Question: What is the plural of bass?

Answer: More bass.

What’s confusing in that?


kbsitepicgig027Hey friend, how’s your day?  I’m still recuperating from the drive and the gig this past week.  I’m managing to get a few chores done so I don’t feel the day is a total loss, but mostly it’s about resting.  Y’know, it used to be that a drive across the province followed by playing for a few hours was no problem.  Frankly it’s still my idea of a good time.  But apparently my body has a different response.  Oh, I still think it was nice to do, but it’s going to take a few days before I’m up for much.  Remind me to be gentle with myself in the meantime, eh?

It really was nice to do, though.  I’ve been lucky enough to play more than a few weddings in my time.  The whole day was just right–the weather stayed fine, the setting was lovely, people were nice, heck even the speeches were just right.  And it’s always particularly nice to be asked to be part of the ceremony.  Good to be reminded too, in plain words, that real and meaningful support of friends is considered an essential part of a healthy marriage.  Was good to see that support in evidence.  Yeah, I think these guys’ll do okay.

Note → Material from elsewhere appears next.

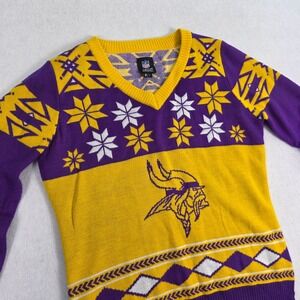 NFL Team Apparel Minnesota Vikings Womens Large Purple Gold Festive Knit Sweater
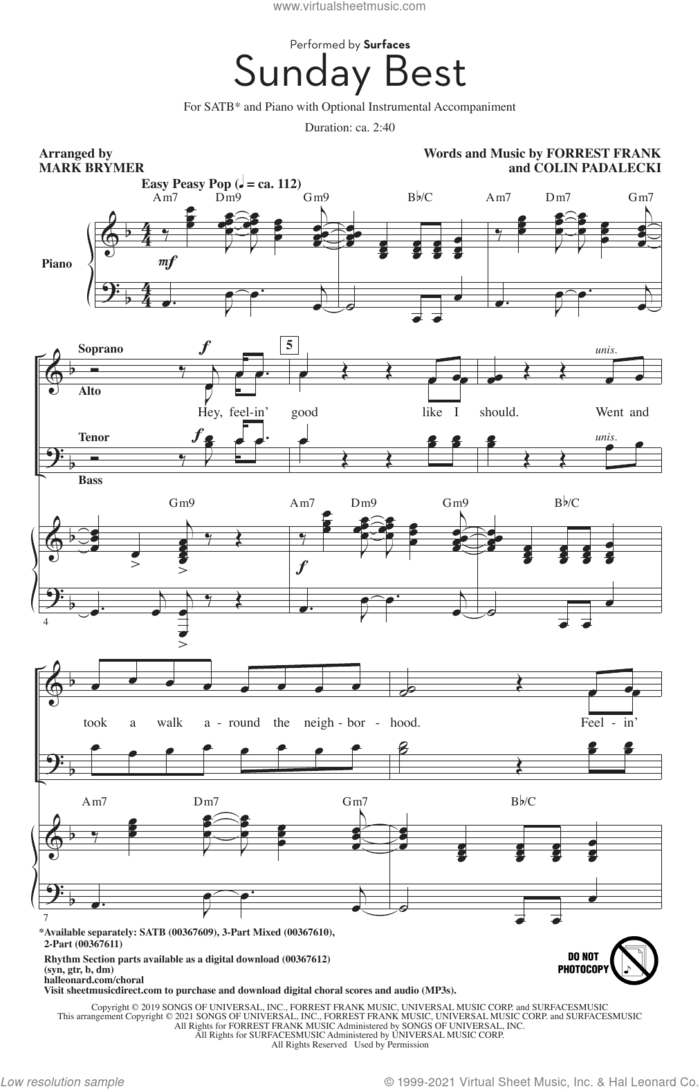 Sunday Best (arr. Mark Brymer) sheet music for choir (SATB: soprano, alto, tenor, bass) by Surfaces, Mark Brymer, Colin Padalecki and Forrest Frank, intermediate skill level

Mostly I was there to play the bass, and to help out musically with the various folks who offered a tune or two in honour of the event.  I think it all turned out pretty well.  And I had the pleasure of playing with a tenor sax player who really knew the repertoire.  At one point the sax player and the pianist were pulling out things from the book of infinite wisdom (usually called ‘the fake book’) and asking me if I knew this one or that one.  My response, of course, was ‘No, but that’s never stopped me before.’  So I had the pleasure of reading a whole bunch of tunes cold.  Was huge fun.  Didn’t do too badly, neither.  Although I had to laugh at one point.  See, the sax player names a tune, calls out for ‘a medium swing’, then counts it out and we’re away.  There wasn’t enough time for me to explain that I couldn’t swing ‘medium’ if my life depended on it.  No, when it comes to the bass I’m afraid that when I swing, I swing hard.  The guys didn’t seem to mind, though.

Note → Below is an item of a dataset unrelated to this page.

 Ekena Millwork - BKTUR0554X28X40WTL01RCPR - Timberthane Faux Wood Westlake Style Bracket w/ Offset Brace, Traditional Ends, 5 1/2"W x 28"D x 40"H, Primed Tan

But the whole thing really was a gas for me on a personal level.  See, when I was a kid I fell in love with Tommy Dorsey, Artie Shaw, Benny Goodman…  Heck, that Carnegie Hall version of ‘Sing, Sing, Sing’ is still one of my favourite recorded performances ever.  At one point I could sing the whole thing, like some people can do ‘Bohemian Rhapsody’, y’know?  And that lovely rolling rhythm that makes swing sound the way it does, that was the first rhythm I could internalize.  And because I could feel the rhythm inside of me without anyone actually playing it, I would keep that swing rhythm going while I sub-vocalized endless solos.  I couldn’t play a one of them, of course.  But I could sure hear ‘em.  I guess that’s where that ‘having music in my head’ thing all got rolling, really.  And even though my playing’s improved, to this day I’m still writing things that I can’t play.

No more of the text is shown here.